In [138] his Honour said:
I am satisfied that, without the husband’s skill in selecting and pursuing the investment in [Company 1] shares, the parties’ superannuation interests within [R] Investments would currently be worth substantially less. It follows that the husband’s contributions to those superannuation interests were substantially greater than those of the wife. I reject the wife’s submission that her contributions were equal to those of the husband. The real difficulty is evaluating the parties’ contributions in mathematical terms.
His Honour did appreciate that without the wife’s albeit involuntary contribution of the funds the husband would not have had the money available to purchase the shares. His Honour also noted at [140] that other share purchases by the husband “did not enjoy the same spectacular success as the [Company 1] shares, and some even realised a loss”.
Having acknowledged the husband’s “skill in selecting and pursuing the investment in [Company 1] shares”, the trial judge decided that the contribution to R Investments should reflect entitlements of two thirds to the husband and one third to the wife. His Honour noted at [141] that this apportionment reflected “equal credit for the parties’ joint introduction of funds…and an equal measure of credit to the husband for his acumen in the successful investment of those funds”.
The judge rejected the husband’s submission that he had made a greater contribution since separation and found that the contribution by the husband to caring for the youngest child since separation did not “disturb the equilibrium between the parties’ contributions”.
Section 75(2)
His Honour found that there is a significant age disparity between the parties; the husband at the time of trial was 61 and the wife 48. The husband was retired and ineligible for any Centrelink pension. He will depend for income on his substantial superannuation interests which he alone manages.
The wife has not worked for some years but in evidence said she regarded herself as employable. The wife has lived with a Mr R since separation, although she did not expect to marry him but intended to continue to live together.
The judge accepted that there was no evidence that the wife and Mr R intermingle their financial affairs. In our view he justifiably concluded that Mr R’s financial circumstances should be considered and concluded that they should be seen as a resource of the wife “given their mutual intention to reside together indefinitely as domestic partners”. [150] Mr R has an income of approximately $20,000 per month from an income protection insurance policy. On a voluntary basis he assists his adult children.

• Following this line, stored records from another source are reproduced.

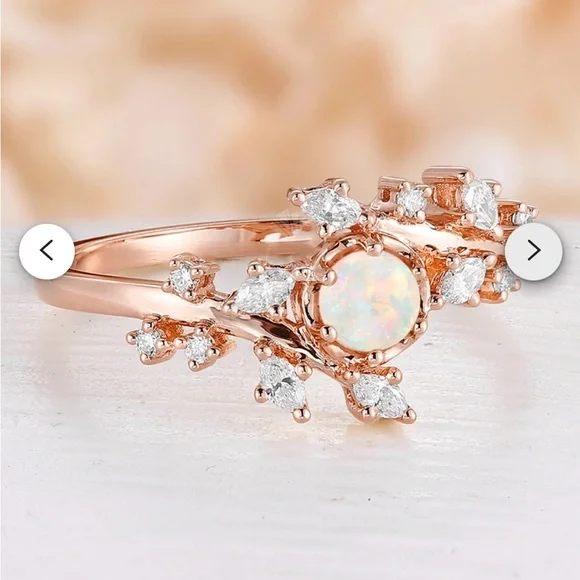 Stunning engagement ring / wedding ring, sure to impress.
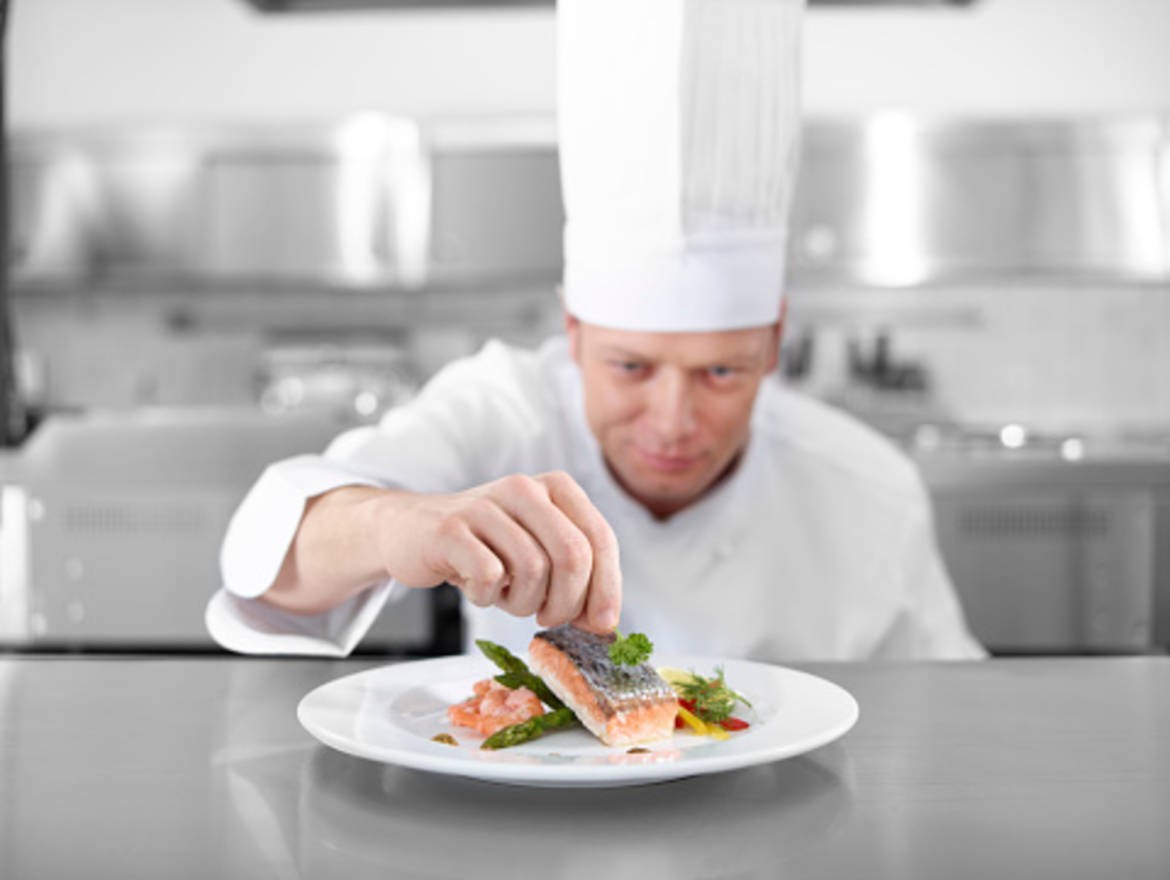 مطلوب كومي شيف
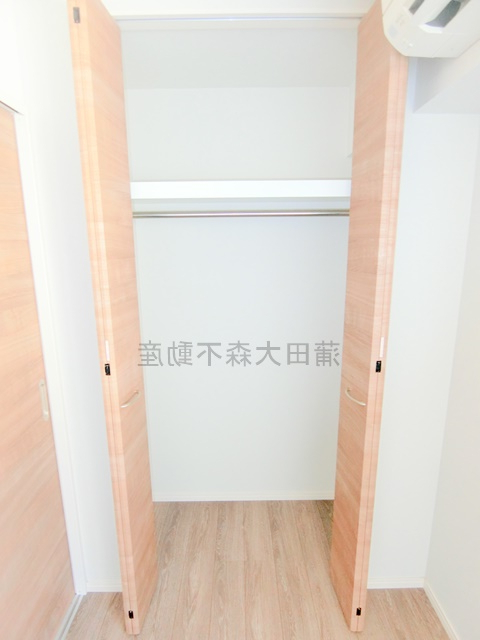 その他設備　洋室3帖の収納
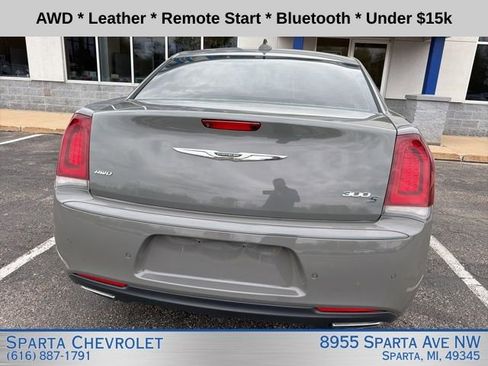 Used 2018 Chrysler 300 S w/ 300S Premium Group 2 AWD/4WD image 4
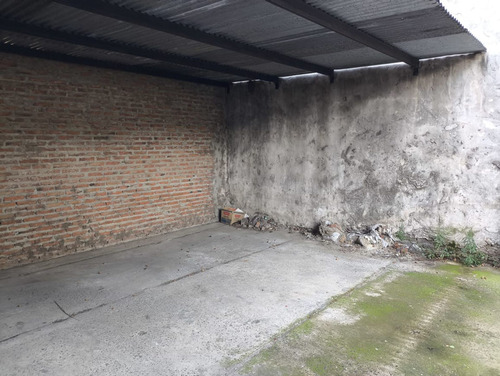 Venta Depto De 2 Dormitorios C/cochera- Santo Tome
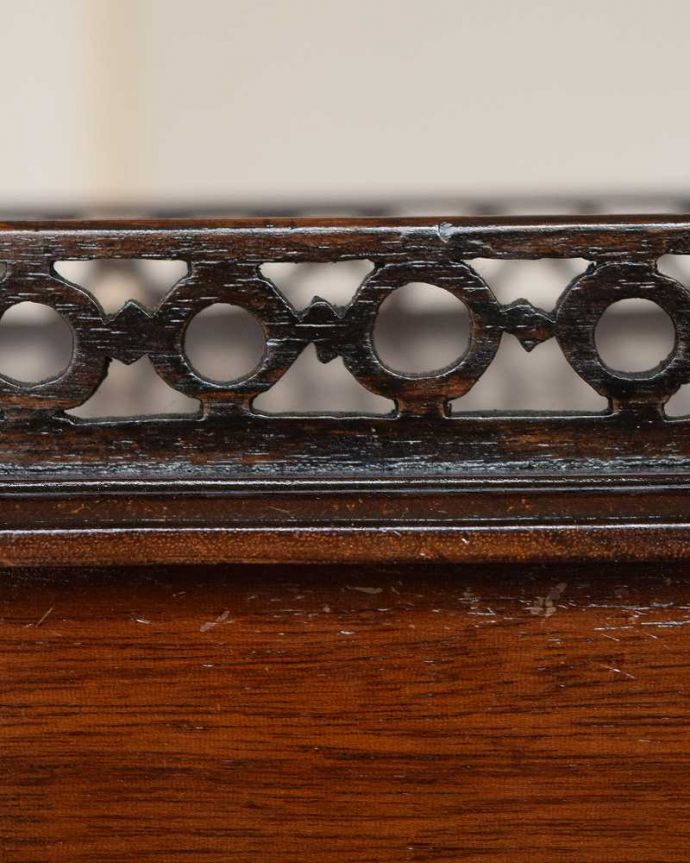 アンティークのテーブル　アンティーク家具　英国のアンティーク家具、美しい透かし彫りのオケージョナルテーブル（サイドテーブル）。うっとりする美しさアンティークだから手に入る美しい彫。(q-1595-f)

The youngest child of the parties turned 18 in June 2011 and has continued to live with the husband in the former matrimonial home. It was accepted that the wife voluntarily provided funds to the child for her use.
The husband submitted that there should be no adjustment by reason of s 75(2) factors and the judge accepted that submission. The submissions on behalf of the wife at trial were rather confused and bear repeating because of the arguments before us on the appeal. As his Honour said [158]:
The wife agreed that there should be no adjustment at the third stage of the property adjustment process, provided the Court reached a conclusion consistently with her earlier submission that the parties’ contribution-based entitlements were equal. In the event of the Court finding that the husband’s contributions entitled him to a greater share of the property at the second stage of the property adjustment process, the wife submitted that the differential should be nullified by a comparable third stage adjustment in her favour. I reject that submission as contrary to the evidence, law, and logic. Perhaps revealingly, no authority was cited in support of the submission. Either the relevant third stage considerations justify an adjustment or they do not, and they do not, as the wife’s primary submission recognised.
In considering whether the proposed orders were just and equitable the trial judge explained that the result would divide the superannuation interests held in R Investments and the wife’s separate superannuation in W Investments as to two thirds to the husband and one third to the wife. The value of those assets was $3,420,294. All the other assets were to be divided equally. The value of those assets was $785,689.
As it is complained in the appeal that the orders were not just and equitable and that his Honour failed to properly consider the effect of the orders, it is appropriate to refer to the table provided by his Honour [163]. The value of the wife’s overall entitlement was calculated at $1,532,943 and the husband’s $2,673,041. This was a differential of $1,140,098. For the wife to receive the entitlement as calculated by the trial judge she was to be paid a further sum of $719,723 which the husband was able to access from his superannuation due to his age. The husband would retain the former matrimonial home, K Company and superannuation of $2,123,160 less his payment to the wife of $719,723.
Applications in an Appeal
Both the husband and wife filed applications in their respective appeals. The wife filed an application on 3 May 2013 and the husband on 27 May 2013. The application of the wife was directed to further evidence on appeal should the appeal be allowed. As it was conceded that should the appeal be allowed it would be necessary for this Court to order a rehearing we would not allow that application.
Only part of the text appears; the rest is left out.